It’s never too late to get treatment if you or someone you love is struggling with cocaine addiction. Keys To Tranquility will help you navigate the recovery process. The treatment of cocaine addiction may include detox, inpatient, behavioral, and other options.
Our facility can offer the following levels of cocaine addiction treatment:
About 6% of all drug abuse treatment program admissions in 2015 were due to cocaine use. The treatment of substance use disorders is complex. A treatment plan that is tailored to each individual’s specific needs is the best. Many programs combine several proven methods.
Detoxification is often the first step in treating cocaine addiction. The detox process can last up to one week. But, detoxification is just the beginning of rehabilitation. After completing detox, patients can start rehabilitation in an outpatient or inpatient facility. Patients must stay in the program for a sufficient amount of time to ensure a successful treatment. This can take as little as 30 days to as long as 90 days. However, it is important that patients stay in the program for the right amount of time.
While there are potential treatments for cocaine dependence, FDA has not approved any medications for cocaine detox or for long-term treatment. Behavioral interventions are the main treatment for cocaine addiction. To help with withdrawal symptoms or cravings, medication may be prescribed.
When treating stimulant abuse, the Substance Abuse and Mental Health Services Administration recommends these methods:
Cocaine addiction can lead to serious mental and physical problems. People with substance abuse disorders are not only at risk for the health consequences of using cocaine, but they also face the stigmatization that comes with it. Addiction is not something to be ashamed of.
Pure cocaine is a white, flakey substance derived from South American coca plants. The U.S. medical community first began to use the drug as a local anesthetic in the 1880s and eventually as a treatment for depressive disorders. People began to use the drug as a “feel good” stimulant by the 1960s.

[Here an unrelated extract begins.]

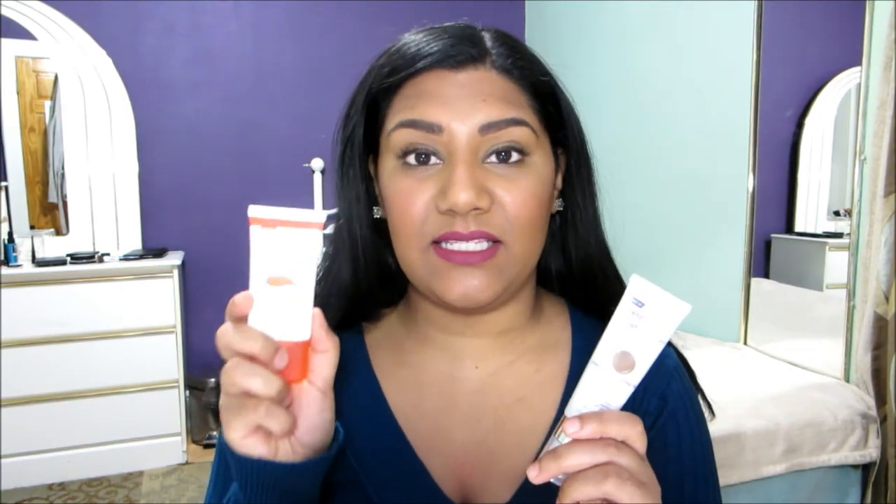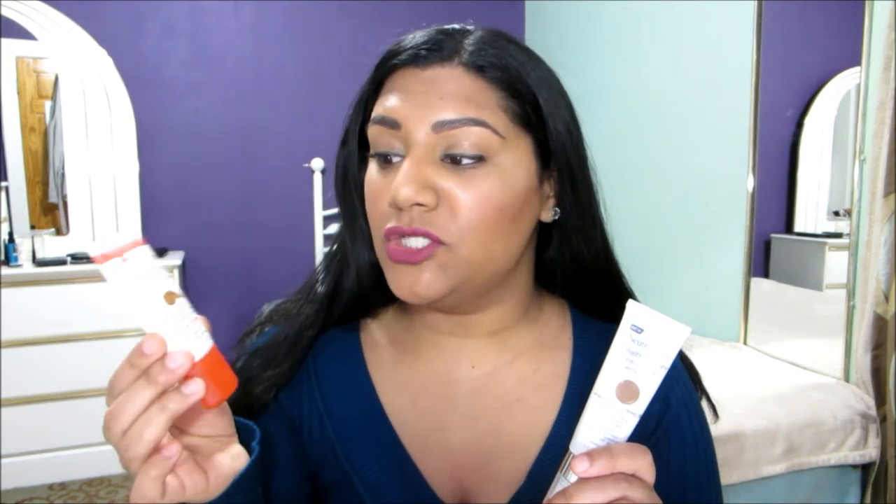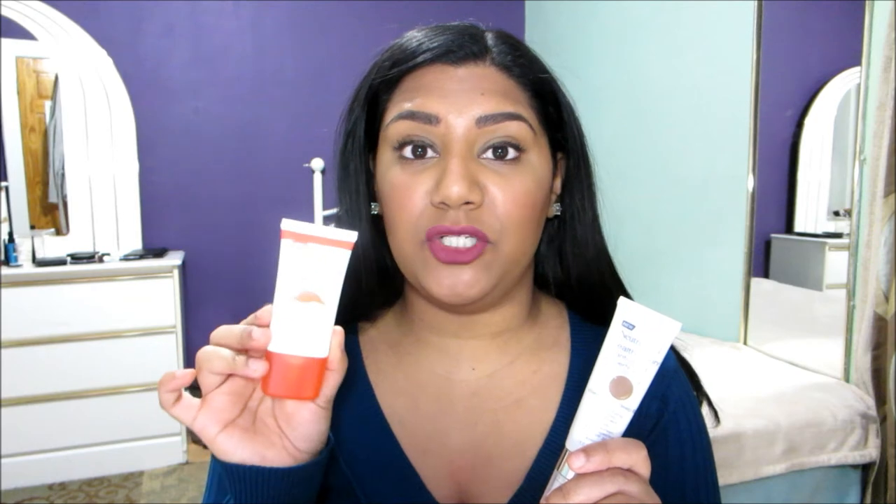It has a matte finish, controls shine, and won't clog pores. This is a tinted moisturizer and gives similar light to medium coverage to the first product, but the coloring runs quite deep — the shade Deep was too dark for me. I think Deep will be a perfect summer shade, so I definitely need to go up to Medium. This also covered up the redness on my skin, evened out my skin tone, and felt really lightweight on my face.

However, there were some serious and long-term side effects, such as addiction, heart attacks, seizures, and strokes. The high risk of abuse and potential health consequences made cocaine a Schedule 2 drug under the Controlled Substances Act was recognized by the U.S. Drug Enforcement Administration in 1970. Possession of cocaine is a crime because it is a Schedule 2 drug.
These are some of the common street names/nicknames used for cocaine:
There are three types of cocaine: cocaine hydrochloride, cocaine freebase and cocaine crack. These forms include cocaine hydrochloride (white powder that has been mixed with or cut with other substances), cocaine hydrochloride (white powder with crystalline structure), and cocaine freebase. The freebase form is pure cocaine and does not contain the hydrochloride additive. Hydrochloride powder is usually inhaled or snorted by the nose. However, it can also be rubbed on your gums and swallowed. Crack cocaine and freebase are often smoked.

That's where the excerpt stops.